More Operations and Syntactic Sugar
Previously Defined
Valuewraps numbers and records operations- Add and multiply store local gradients
The same pattern extends to every operation our model needs. Each one has a single input and stores a single local gradient:
Power
def __pow__(self, other): return Value(self.data**other, (self,), (other * self.data**(other-1),))
If c = a ** n, then ∂c/∂a = n * a^(n-1) — the standard power rule. Note that other here is a plain number, not a Value (we only need to differentiate with respect to the base).
Log
def log(self): return Value(math.log(self.data), (self,), (1/self.data,))
If c = log(a), then ∂c/∂a = 1/a. This is the operation that turns probabilities into the loss (via -log(prob)).
Exp
def exp(self): return Value(math.exp(self.data), (self,), (math.exp(self.data),))

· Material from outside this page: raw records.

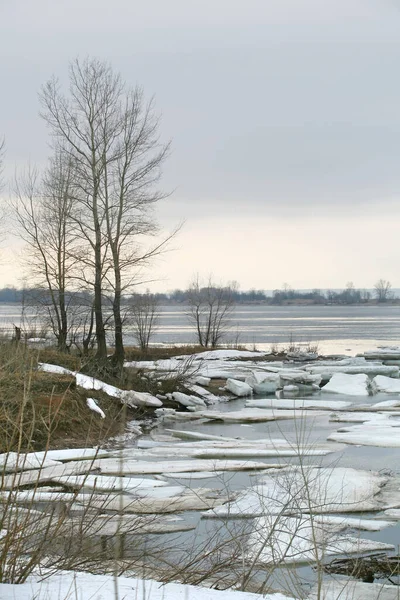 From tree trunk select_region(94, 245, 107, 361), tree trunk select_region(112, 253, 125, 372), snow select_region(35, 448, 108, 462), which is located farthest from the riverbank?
tree trunk select_region(94, 245, 107, 361)

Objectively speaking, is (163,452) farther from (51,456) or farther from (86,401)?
(86,401)

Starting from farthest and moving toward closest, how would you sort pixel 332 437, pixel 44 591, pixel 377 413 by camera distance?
pixel 377 413 < pixel 332 437 < pixel 44 591

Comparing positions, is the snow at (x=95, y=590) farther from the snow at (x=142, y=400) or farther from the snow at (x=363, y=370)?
the snow at (x=363, y=370)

If c = exp(a), then ∂c/∂a = exp(a) — the exponential is its own derivative. Used inside softmax.
ReLU
def relu(self): return Value(max(0, self.data), (self,), (float(self.data > 0),))
If c = relu(a), then ∂c/∂a is 1 when a > 0, and 0 otherwise — the same binary gradient we hand-coded in Step 1.
The rest
def __neg__(self): return self * -1
def __radd__(self, other): return self + other
def __sub__(self, other): return self + (-other)
def __rsub__(self, other): return other + (-self)
def __rmul__(self, other): return self * other
def __truediv__(self, other): return self * other**-1
def __rtruediv__(self, other): return other * self**-1
Subtraction, division, and negation are all defined in terms of add, multiply, and power. They don’t need their own gradient logic — the chain rule handles them automatically through the operations they’re built from.